(Source data begins)

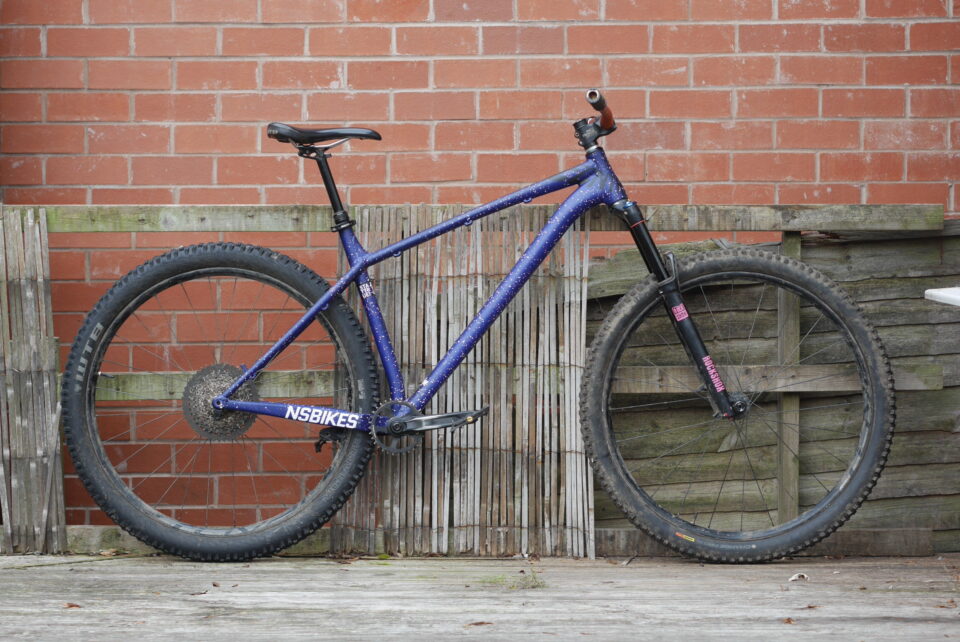 Used MTB frame with full-suspension linkage and slack head angle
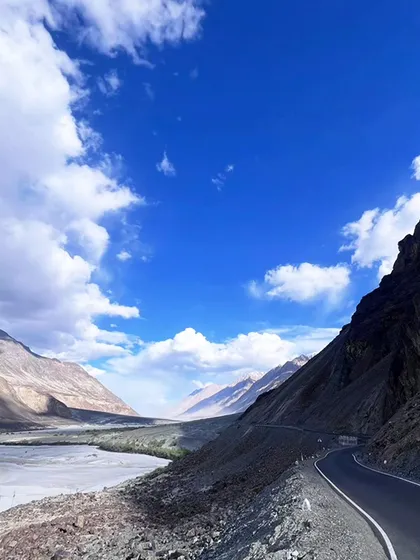 The open road calling your name. The journey through Ladakh's winding roads offers breathtaking views at every single turn.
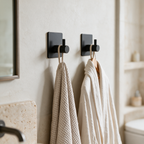 Two black adhesive robe hooks mounted on a bathroom wall holding a towel and robe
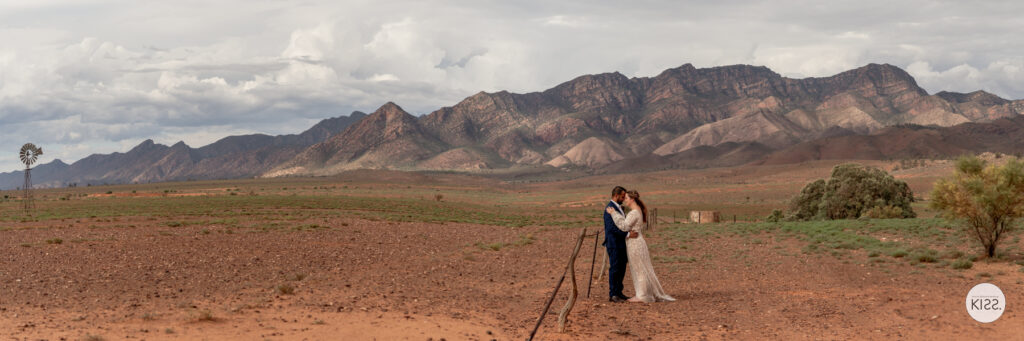 A wedding couple in an open landscape beneath the Flinders Ranges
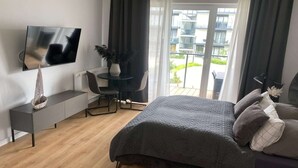 A modern bedroom with a bed, a desk, a chair, a TV, and a balcony with a view. - Comfortable apartment, SPA zone, Dziwnow (Dziwnów)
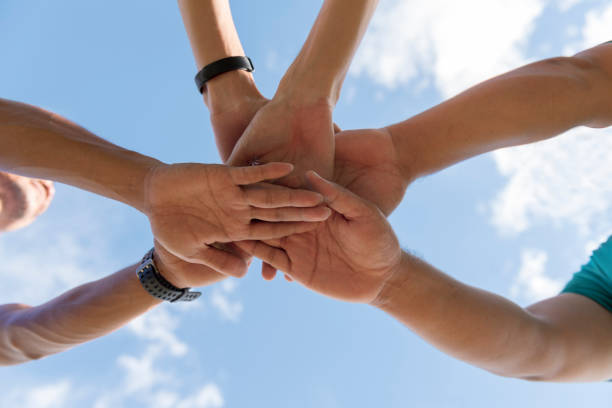 istock People use hand coordination to express their collective strength. 1034027218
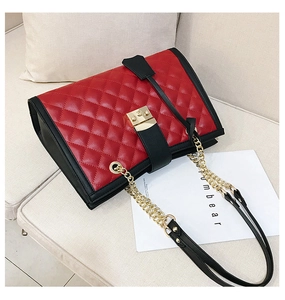 Détail du sac en cuir matelassé rouge et noir avec chaîne dorée et fermoir en métal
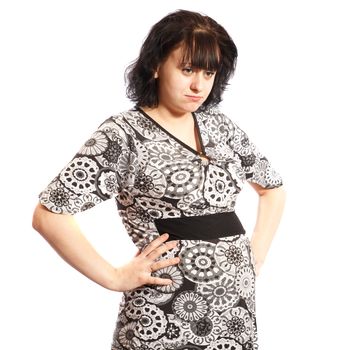 serious pregnant woman looking at something on a white background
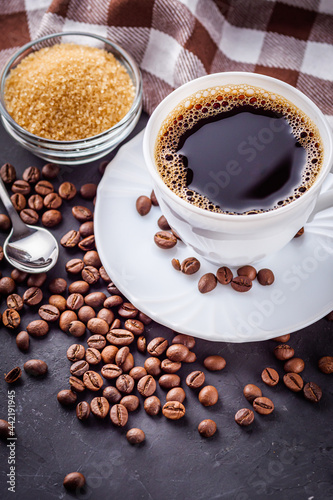 cup of fragrant fresh coffee on a dark stone background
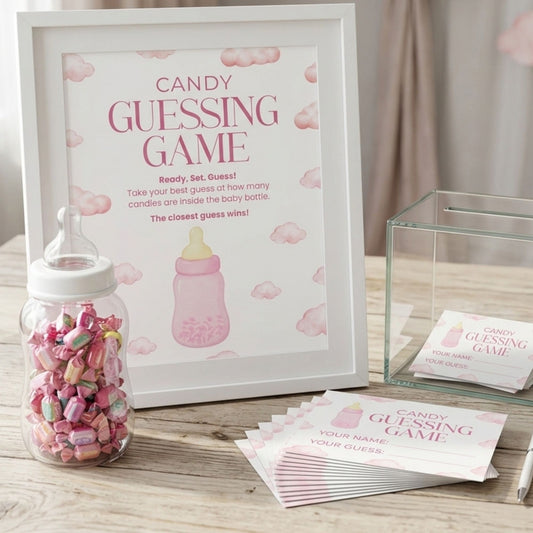 Baby shower candy guessing game kit with a white-framed sign reading 'Candy Guessing Game,' a clear baby bottle filled with pink and multicolored candies, a clear gift box, and printed ticket slips on a wooden surface.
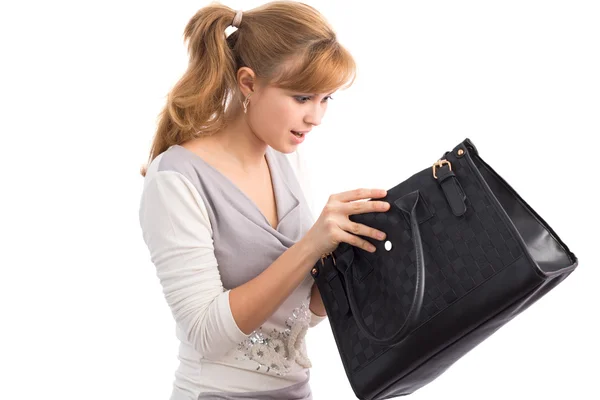 Menina bonita surpreso com smth em sua bolsa — Fotografia de Stock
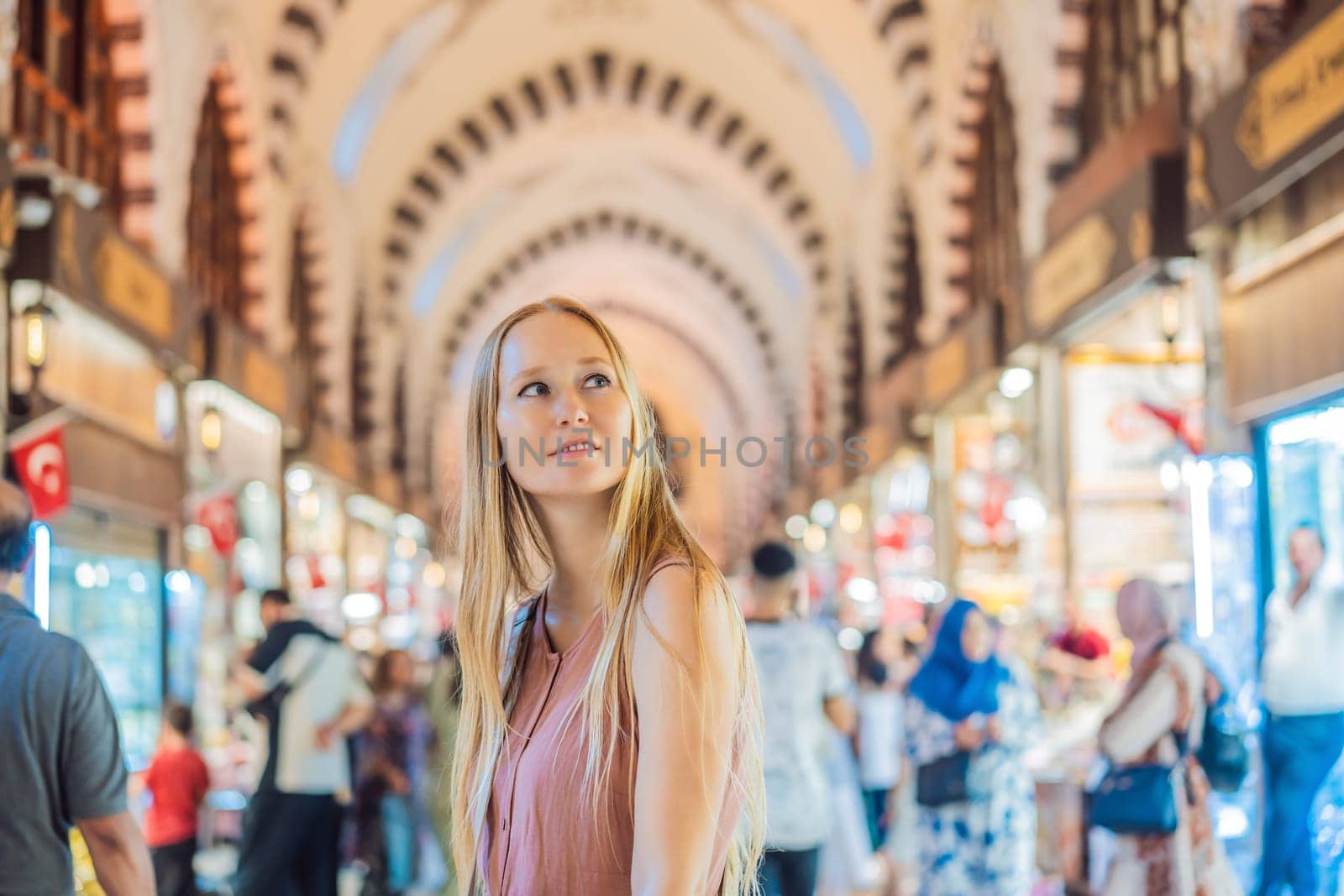 A tourist woman walks among the countless shops at the Grand Bazaar and Egyptian Bazaar in Istanbul. Shopping and travel in Turkey concept. Istanbul historical Egyptian Bazaar. Misir Carsisi, spice market. Turkiye.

(Source data ends)

# [Try it]
The records above need to be given again exactly. Omit the pictures.

# [Exercise answer]
 Used MTB frame with full-suspension linkage and slack head angle
 The open road calling your name. The journey through Ladakh's winding roads offers breathtaking views at every single turn.
 Two black adhesive robe hooks mounted on a bathroom wall holding a towel and robe
 A wedding couple in an open landscape beneath the Flinders Ranges
 A modern bedroom with a bed, a desk, a chair, a TV, and a balcony with a view. - Comfortable apartment, SPA zone, Dziwnow (Dziwnów)
 istock People use hand coordination to express their collective strength. 1034027218
 Détail du sac en cuir matelassé rouge et noir avec chaîne dorée et fermoir en métal
 serious pregnant woman looking at something on a white background
 cup of fragrant fresh coffee on a dark stone background
 Baby shower candy guessing game kit with a white-framed sign reading 'Candy Guessing Game,' a clear baby bottle filled with pink and multicolored candies, a clear gift box, and printed ticket slips on a wooden surface.
 Menina bonita surpreso com smth em sua bolsa — Fotografia de Stock
 A tourist woman walks among the countless shops at the Grand Bazaar and Egyptian Bazaar in Istanbul. Shopping and travel in Turkey concept. Istanbul historical Egyptian Bazaar. Misir Carsisi, spice market. Turkiye.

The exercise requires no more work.